◆ WHAT NEEDS TO BE DONE ◆
Of all the lines below, return only those starting with the line holding "Mastering Direct Lateral" and going on through the line holding "Body by Leverett Before and After Images", exactly as written.

◆ EXTRACTED MATERIAL ◆
- Opening Delimiter -
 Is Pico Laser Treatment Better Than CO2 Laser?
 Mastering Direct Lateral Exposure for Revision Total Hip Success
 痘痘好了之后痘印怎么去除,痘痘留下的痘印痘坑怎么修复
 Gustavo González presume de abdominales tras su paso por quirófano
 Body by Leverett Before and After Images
- Closing Delimiter -
- Opening Delimiter -
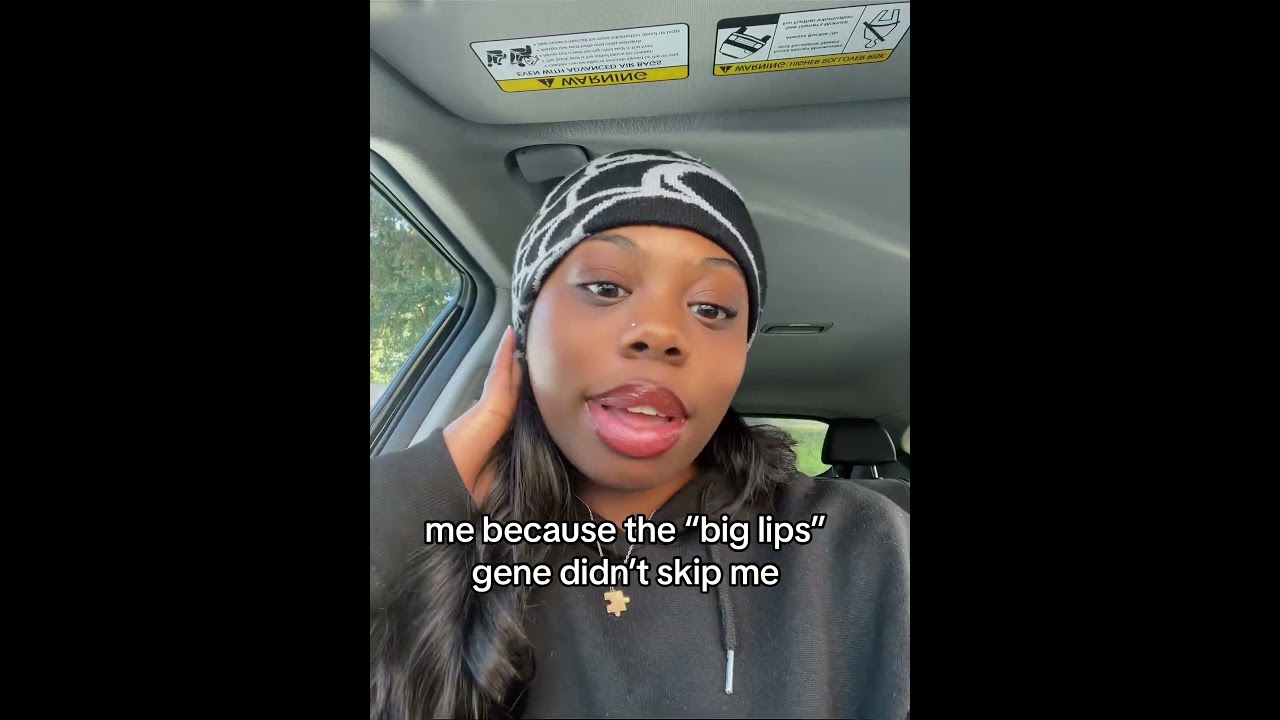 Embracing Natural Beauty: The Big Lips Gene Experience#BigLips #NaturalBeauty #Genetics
- Closing Delimiter -
- Opening Delimiter -
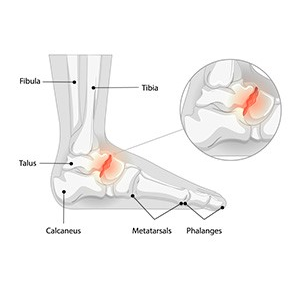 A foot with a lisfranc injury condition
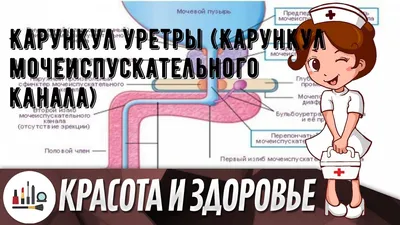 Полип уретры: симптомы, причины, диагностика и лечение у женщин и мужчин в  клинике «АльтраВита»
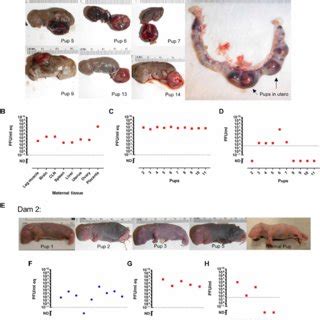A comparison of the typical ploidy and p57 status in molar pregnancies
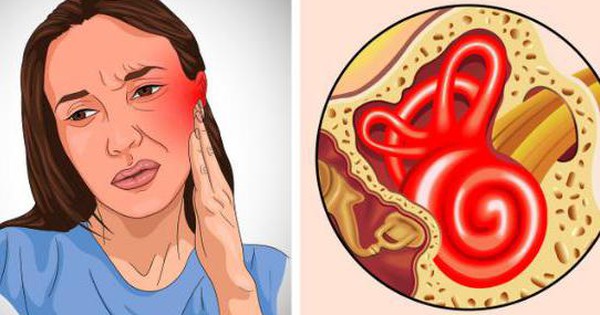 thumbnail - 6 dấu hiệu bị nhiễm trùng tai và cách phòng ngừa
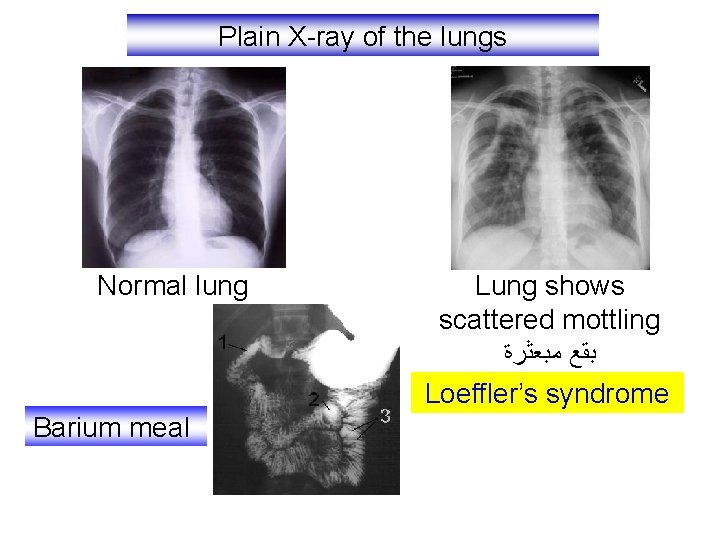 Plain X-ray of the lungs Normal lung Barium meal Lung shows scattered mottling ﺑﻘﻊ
- Closing Delimiter -
◆ ANSWER TO THIS PROBLEM ◆
 Mastering Direct Lateral Exposure for Revision Total Hip Success
 痘痘好了之后痘印怎么去除,痘痘留下的痘印痘坑怎么修复
 Gustavo González presume de abdominales tras su paso por quirófano
 Body by Leverett Before and After Images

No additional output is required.